### HOW TO COMPLETE THIS TASK
The required output is the exact run of lines in the listing below from the line holding "Clara – Septiembre 2017 Cover" through the line holding "Household Appliances Smart", with no pictures.

╭─ RECORDS FOR THIS TASK

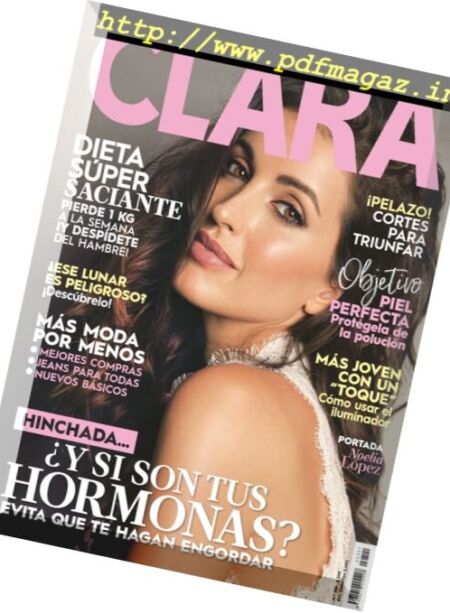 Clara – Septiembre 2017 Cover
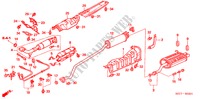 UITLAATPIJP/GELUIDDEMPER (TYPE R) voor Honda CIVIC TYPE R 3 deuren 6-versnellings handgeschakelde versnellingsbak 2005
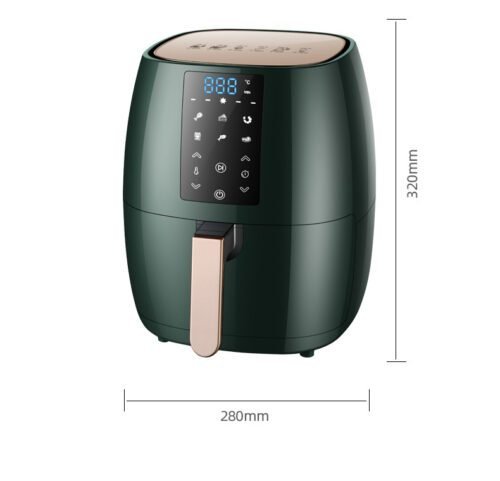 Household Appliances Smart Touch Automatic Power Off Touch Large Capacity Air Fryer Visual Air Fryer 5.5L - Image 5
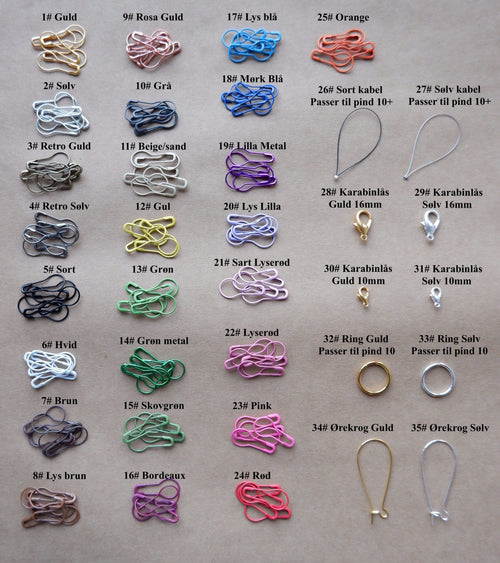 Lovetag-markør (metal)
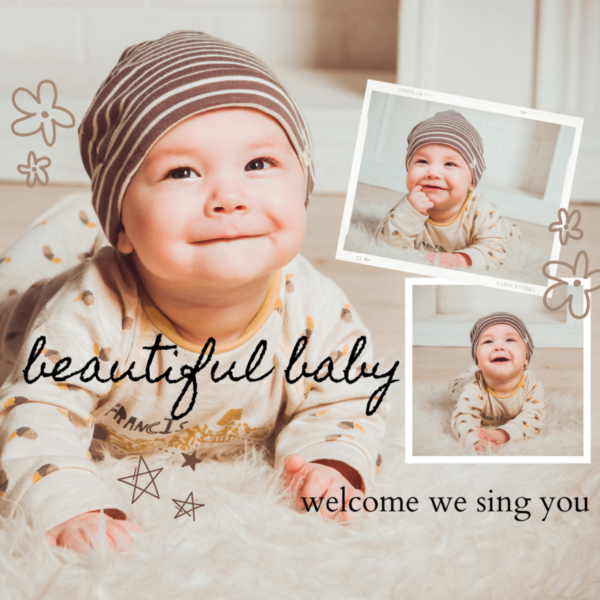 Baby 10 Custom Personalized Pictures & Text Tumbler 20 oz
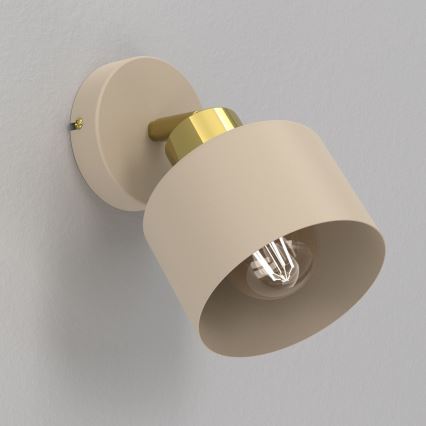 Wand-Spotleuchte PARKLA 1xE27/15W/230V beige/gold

╰─
╭─ RECORDS FOR THIS TASK

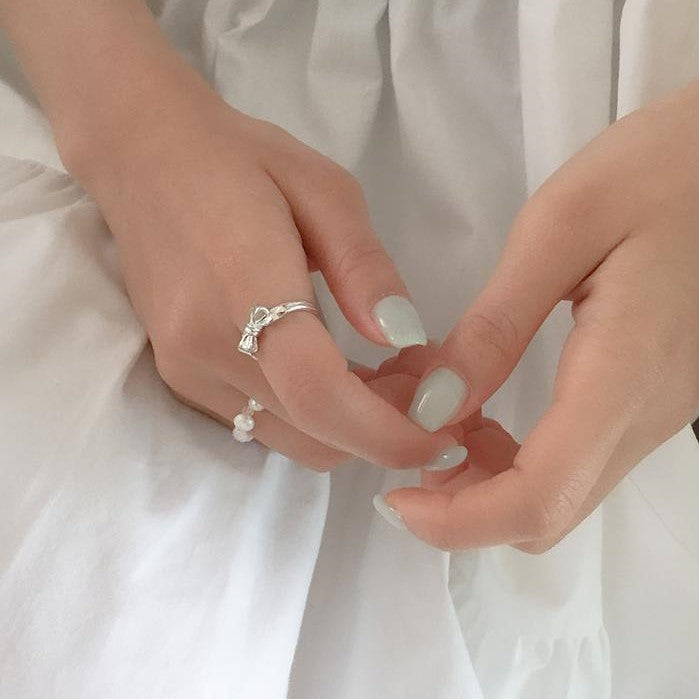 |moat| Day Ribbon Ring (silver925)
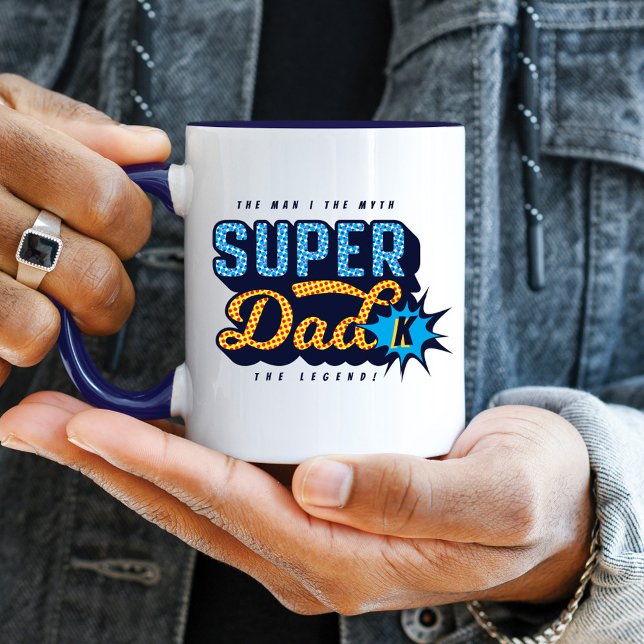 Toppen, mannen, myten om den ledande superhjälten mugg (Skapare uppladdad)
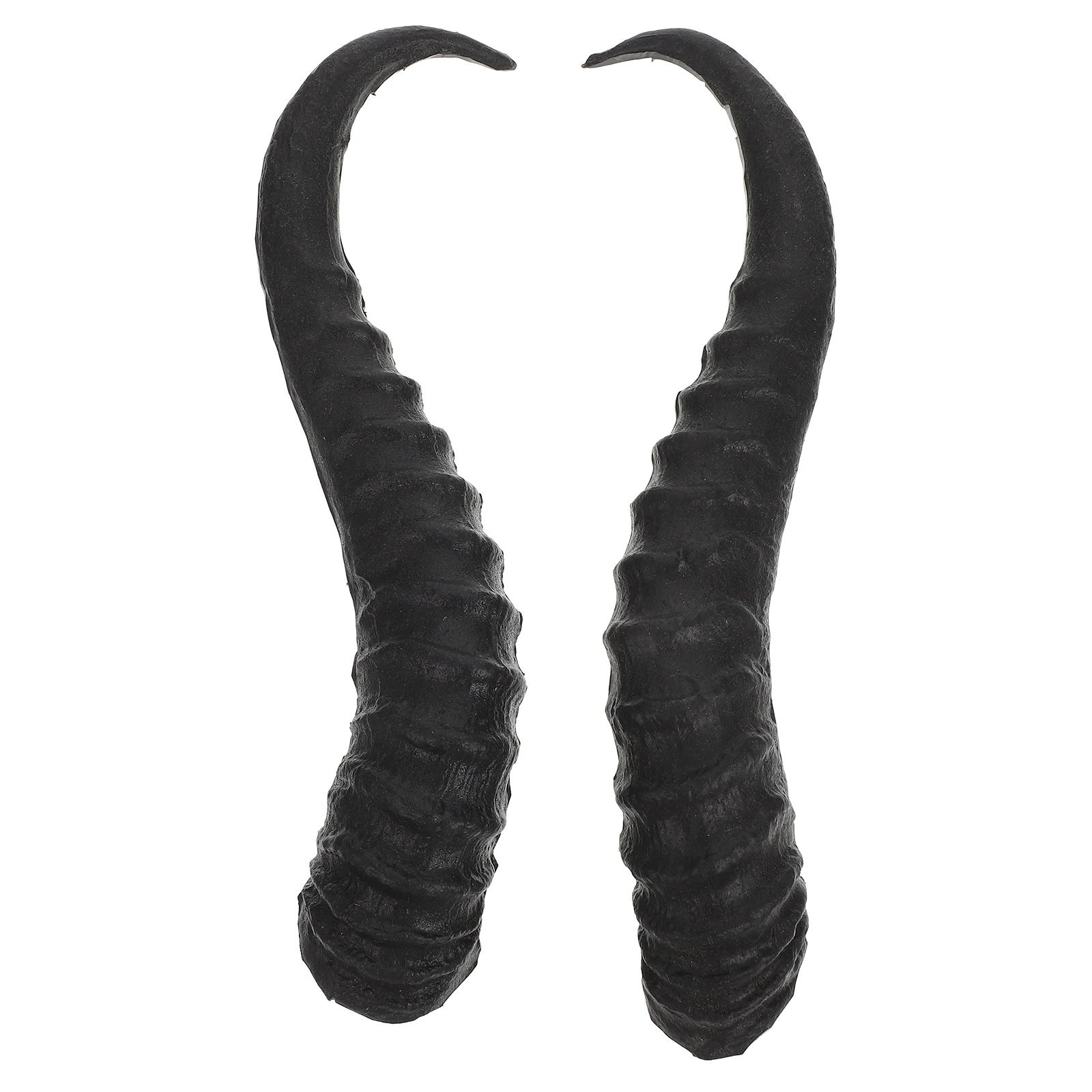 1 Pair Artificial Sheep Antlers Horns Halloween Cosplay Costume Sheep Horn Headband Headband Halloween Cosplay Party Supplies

╰─

### TASK ANSWER
 Clara – Septiembre 2017 Cover
 UITLAATPIJP/GELUIDDEMPER (TYPE R) voor Honda CIVIC TYPE R 3 deuren 6-versnellings handgeschakelde versnellingsbak 2005
 Household Appliances Smart Touch Automatic Power Off Touch Large Capacity Air Fryer Visual Air Fryer 5.5L - Image 5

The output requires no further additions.